INSTRUCTIONS FOR THE TASK. Omit all images, then repeat exactly the lines below from the one containing "Slow cooker Bacon" through the one containing "Lorenvalley Red Dola", both ends included.

INPUT DATA.

┄┄┄┄┄┄┄┄┄┄┄┄┄┄┄┄┄┄┄┄

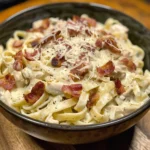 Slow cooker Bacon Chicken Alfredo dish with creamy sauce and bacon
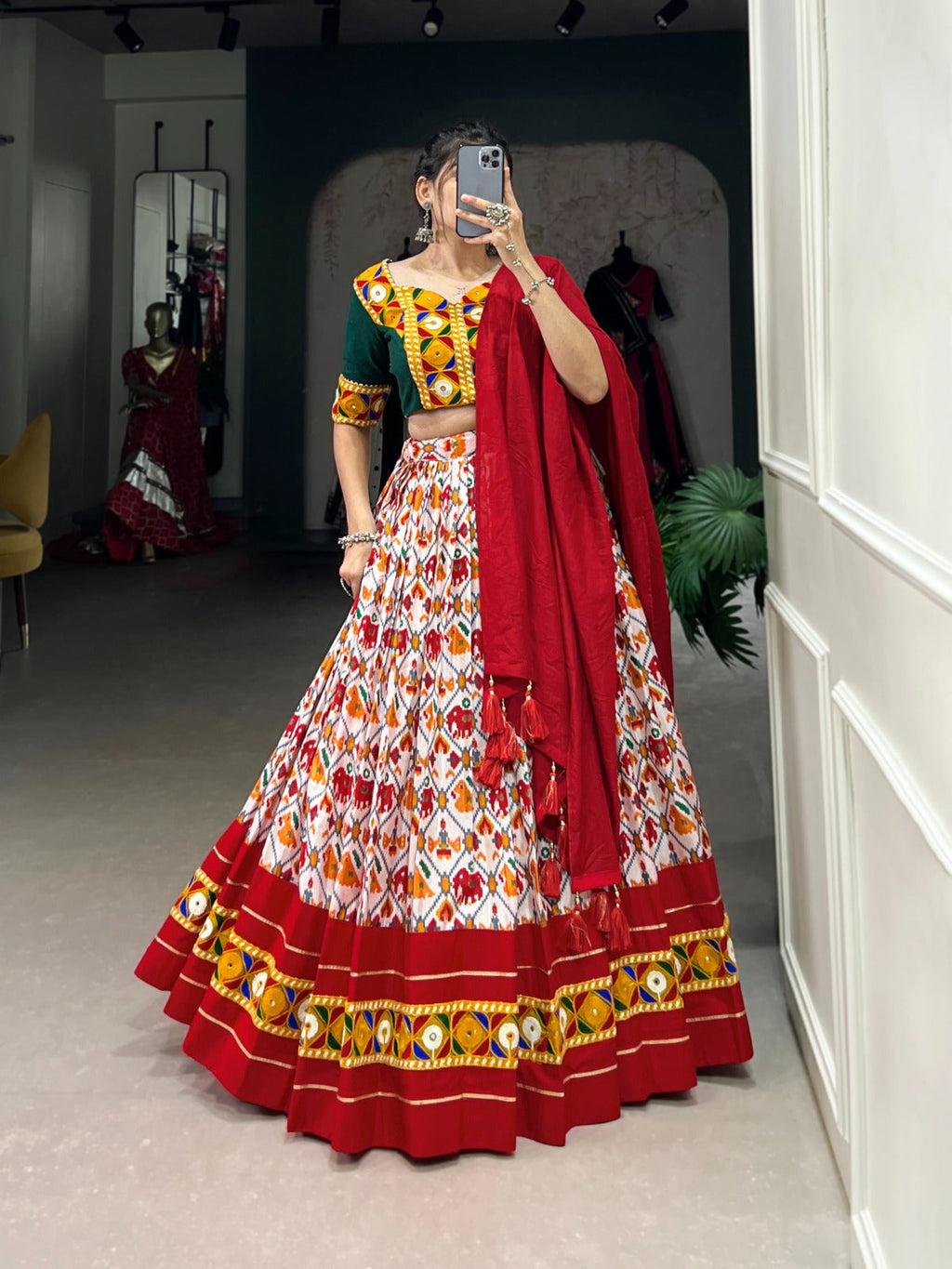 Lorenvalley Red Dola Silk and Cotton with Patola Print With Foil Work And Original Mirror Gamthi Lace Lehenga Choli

┄┄┄┄┄┄┄┄┄┄┄┄┄┄┄┄┄┄┄┄

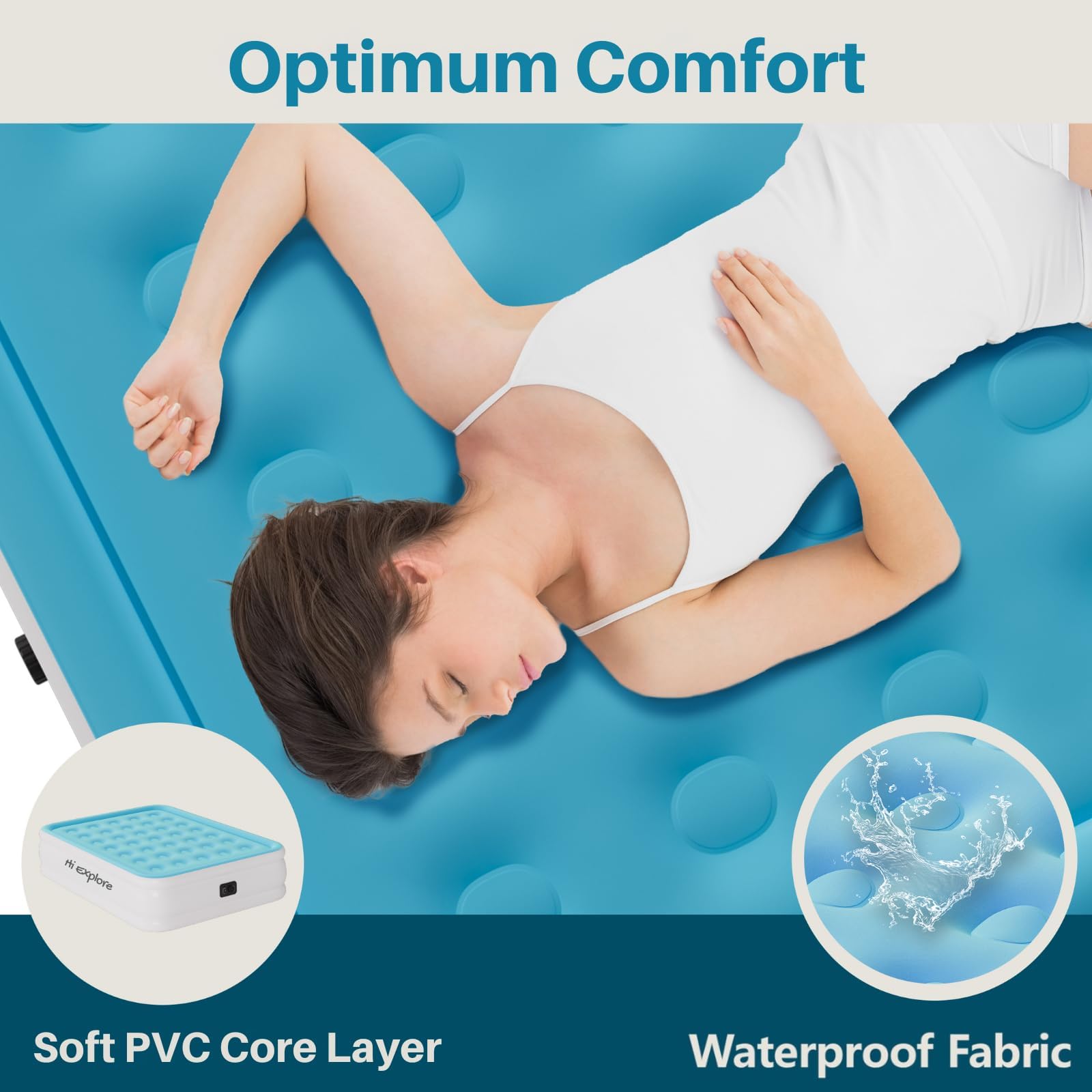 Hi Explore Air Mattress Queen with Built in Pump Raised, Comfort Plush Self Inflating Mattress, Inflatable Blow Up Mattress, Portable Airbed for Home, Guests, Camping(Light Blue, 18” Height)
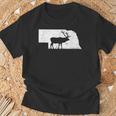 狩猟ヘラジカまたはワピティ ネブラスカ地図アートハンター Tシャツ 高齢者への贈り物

┄┄┄┄┄┄┄┄┄┄┄┄┄┄┄┄┄┄┄┄

COMPLETED TASK.
 Slow cooker Bacon Chicken Alfredo dish with creamy sauce and bacon
 Lorenvalley Red Dola Silk and Cotton with Patola Print With Foil Work And Original Mirror Gamthi Lace Lehenga Choli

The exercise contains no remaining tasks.